Cumhurbaşkanı Erdoğan, enflasyonla mücadelede faziletli döneme geçildiğini vurgulamasına karşılık, para politikalarından sonuç alınmasının zaman aldığını dile getirerek örtülü şekilde memnuniyetsizliğini ifade etti. Bu ekonomi yönetiminde uyarı olarak algılandı ve paniğe yol açtı. O yüzden 7 aydır gelmeyen dış kaynak yerine, içeride bankalardan döviz teminine hız verildi.
Mevcut uygulamada normal yollarla MB’den açık piyasa işlemleriyle TL kaynak sağlayan bankalar, MB’ye yüzde 40 politika faizi ödüyor. MB’ye döviz getirip swap işlemiyle karşılığında TL finansman sağlayan bankalarsa politika faizinin 7 puan altında yüzde 33 TL faizi ödüyor. MB, bankalardan ‘ödünç döviz’ toplayarak rezervlerini artırıp tüm zamanların rezerv rekorunun kırıldığı algısını yayıyor.

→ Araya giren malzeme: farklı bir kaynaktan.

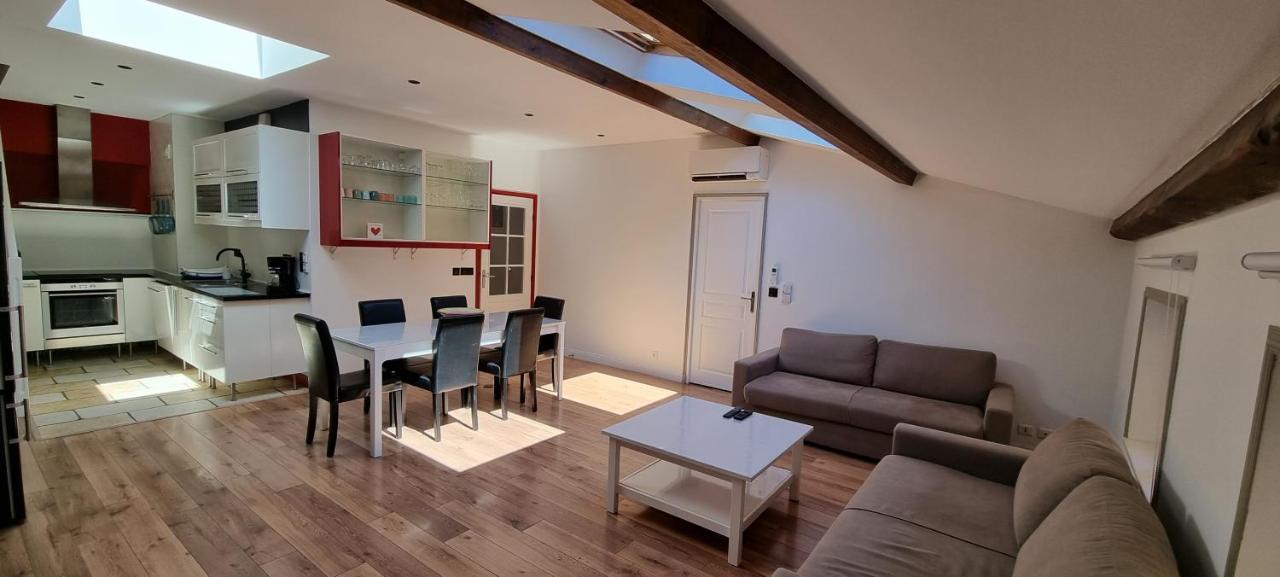 Loft 80M2 En Plein Coeur De La Vieille Ville 3 Etoiles Тулон Екстер'єр фото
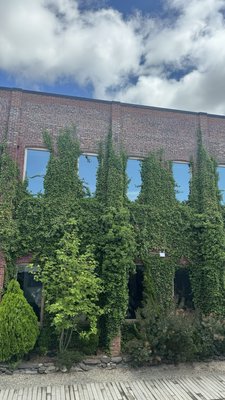 Pioneer Works by null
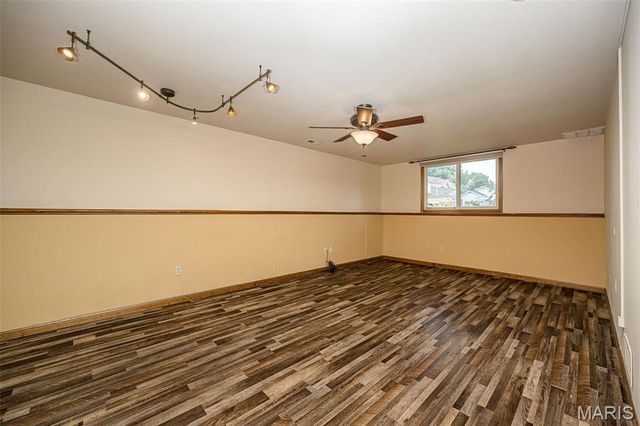 16740 N Fork Ridge Drive, Florissant, MO 63034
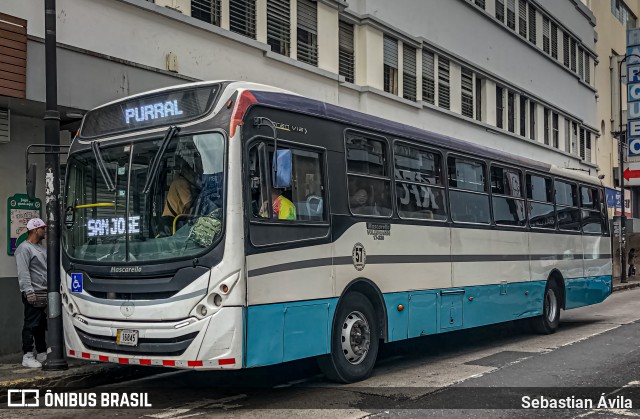 Buses Guadalupe 57 na cidade de Carmen, San José, San José, Costa Rica, por Sebastian Ávila. Número da foto: #13242500.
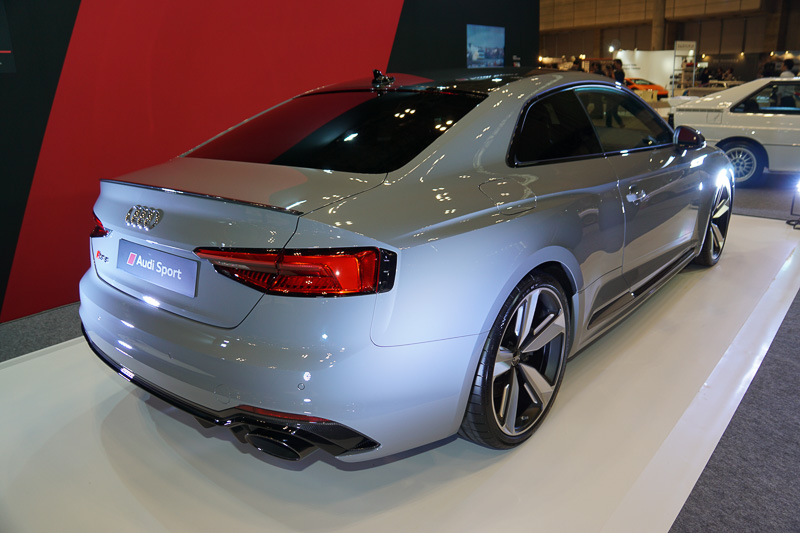 新型RS 5 クーペ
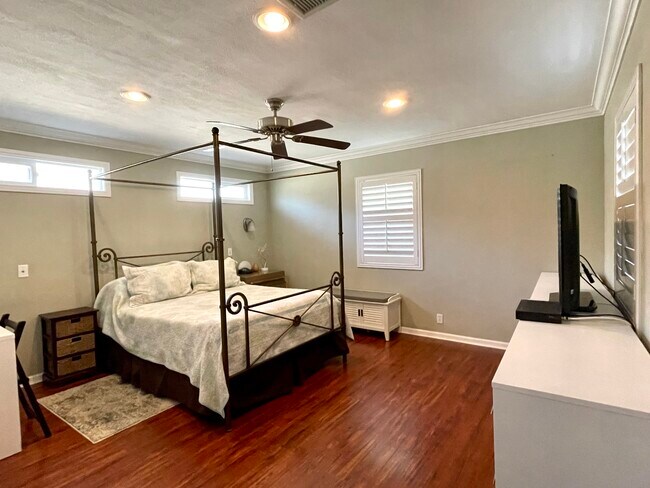 Large Master Bedroom - 75 Jordan Ave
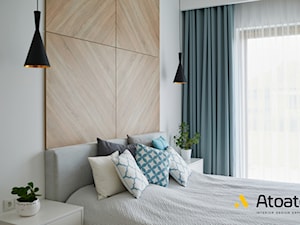 sypialnia z drewnianym panelem na ścianie - zdjęcie od StudioAtoato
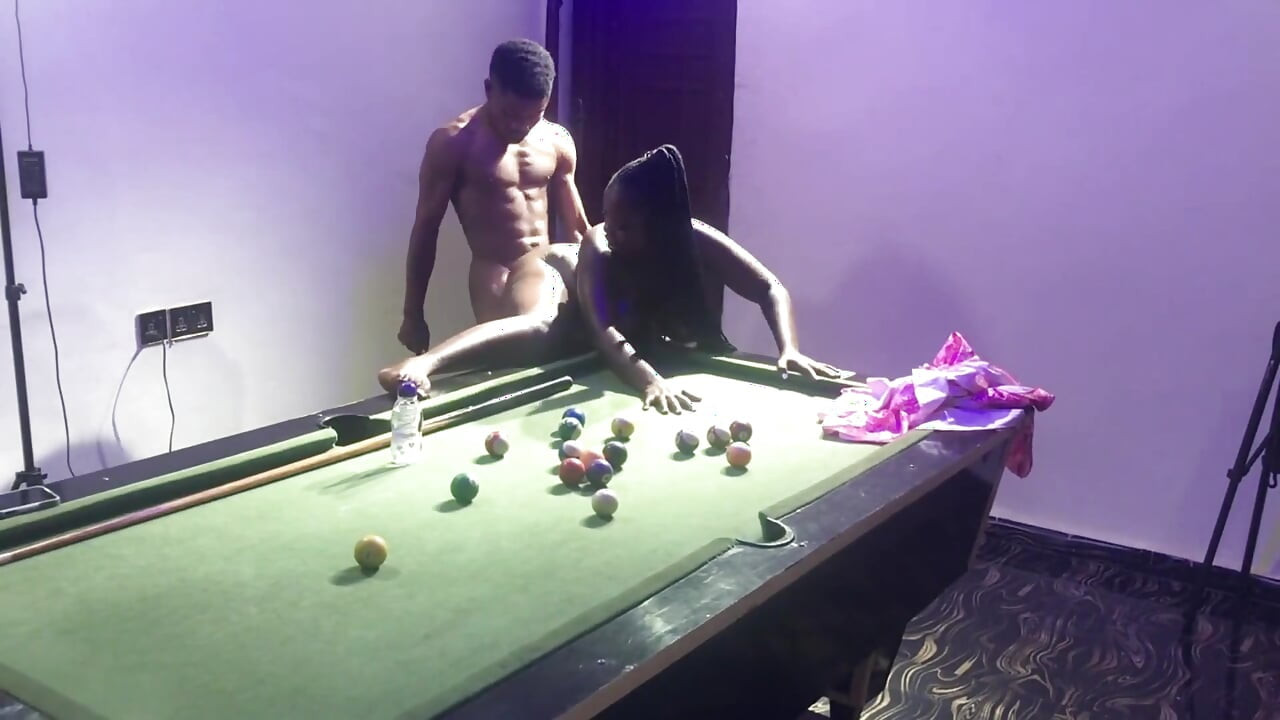 Homemade Amateur Sex by the Snooker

Kamu ve özel bankaların son dönemde yurt dışından kredi teminine hız vermelerinin gerisinde MB’ye ‘ödünç rezerv’ planı yatıyor. Ziraat Bankası, geçen hafta Deutsche Bank’tan 1 milyar 75 milyon euro kredi çekti. Rasyonele dönüş söylemine karşılık arka kapı yöntemleriyle kısa sürede rezerv artışı algısı yaratmak, dövizde ve kurda Kur Korumalı Mevduat’tan (KKM) daha yıkıcı etkilere yol açabilir. MB rezervleri bankalardan ödünç dövizle kâğıt üzerinde rekor kırsa da küresel piyasalarda inandırıcı bulunmadığı için kaynak gelmiyor. Aranan dış finansman bulunamıyor.”